Date of Award


Degree Type


Degree Name

Master of Science (MS)


Computer and Information Technology

First Advisor

Thomas J. Hacker

Committee Chair

Thomas J. Hacker

Committee Member 1

Phillip T. Rawles

Committee Member 2

Julia Taylor


High performance computing clusters provide an efficient and cost effective solution to tackle large and complex problems. These clusters make use of the computing power available from widely available and relatively inexpensive commodity hardware. However, commodity hardware is liable to frequent failures, which can cause processes that are executing on these components to fail. Hence, high performance clusters often suffer from poor reliability. Whenever failures occur, additional costs are generated which lead to an increase in the cost of running the cluster. To prevent processes from failing, proactive fault tolerance strategies may be used in these cluster systems. The scheduler in these systems is an appropriate venue for applying proactive strategies to help prevent failures from occurring.

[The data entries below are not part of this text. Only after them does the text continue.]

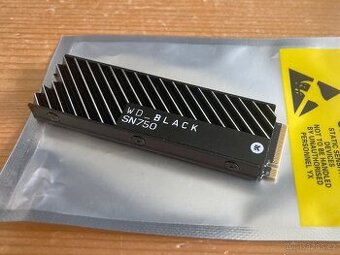 WD BLACK SN750 NVMe 500GB SSD chladič zánovní 100%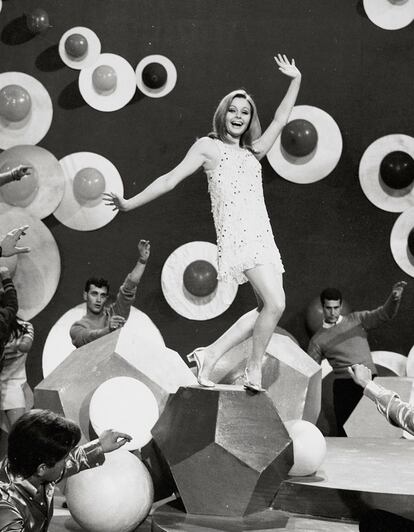 A falta de nuestro Swinging London, Rocío Dúrcal dejó una de las secuencias más movidas como espontánea go-go girl y con un minivestido estilo Paco Rabanne en la película Amor en el aire (Luis Cesar Amadori, 1967)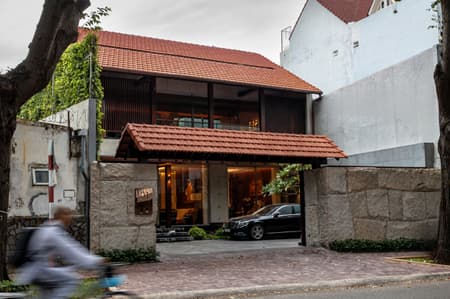 Five Courtyard House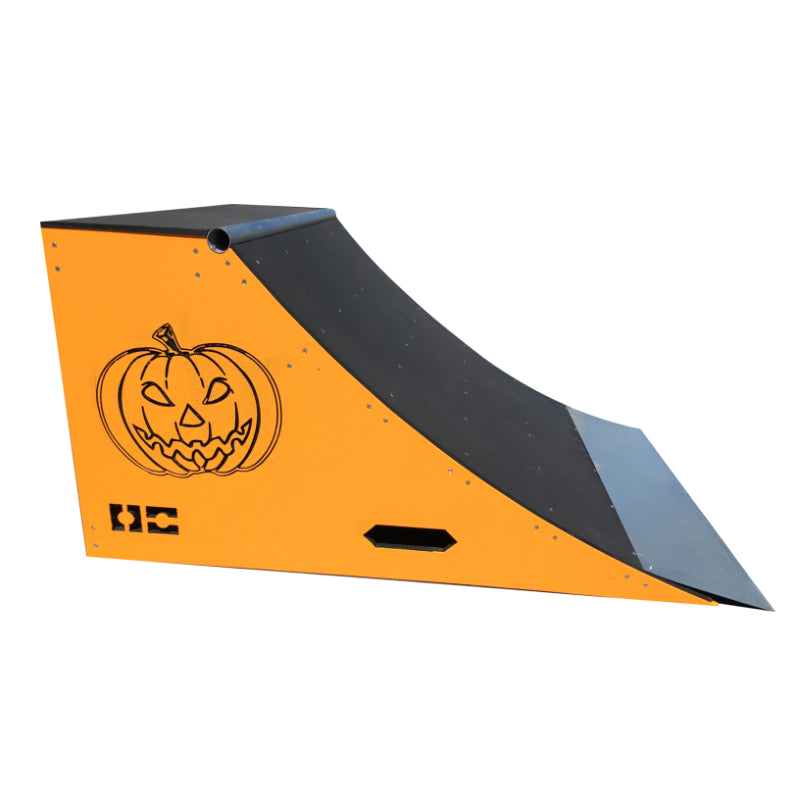 Jack-O Quarterpipe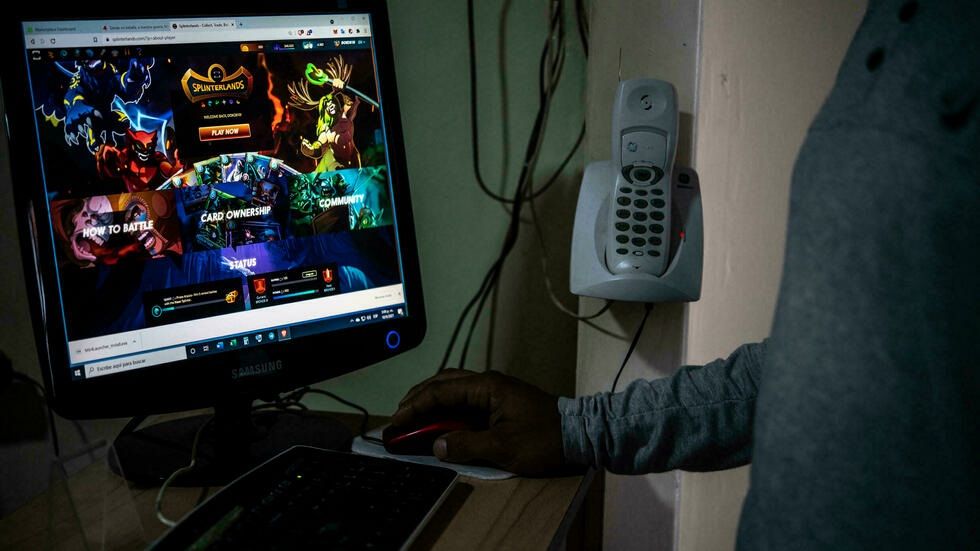 De policía a jardinero virtual: juegos NFT ganan adeptos en Venezuela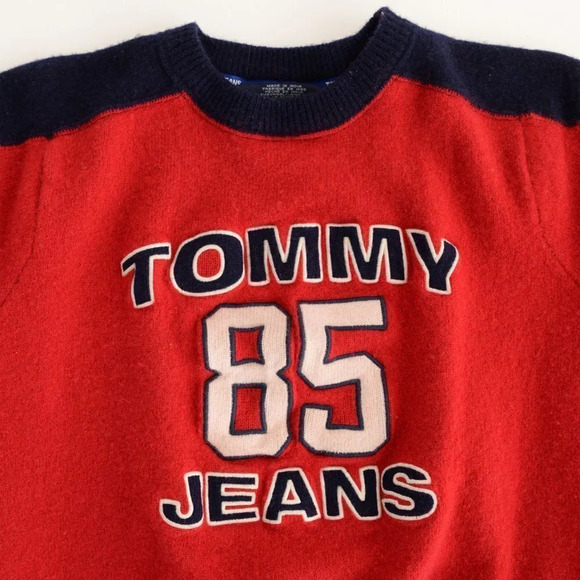 Vintage Tommy 85 Jeans Red & Blue 100% Lambswool Crewneck Sweater - Picture 11 of 15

In this thesis we have implemented an approach that incorporates reliability awareness in the scheduler. Based on historic system logs, estimates are made about the reliability of resources in the cluster. The scheduler makes decisions on where to schedule jobs depending on the reliability need of the job and the expected predicted reliability of computing nodes. This reliability need is calculated based on the characteristics of the job. Typically, jobs which are large and complex have a high reliability need. The scheduler assigns jobs which have a high reliability need to resources that can provide an adequate level of reliability, and avoids resources which have a low reliability. The lower reliability resources are allocated to jobs which have a low reliability need. Thus, by assigning jobs to resources based on reliability characteristics, failures of large and complex jobs can be statistically avoided compared to a typical node assignment strategy. Hence, by using this approach, the costs associated with failures can be reduced, and overall reliability of the system can be improved.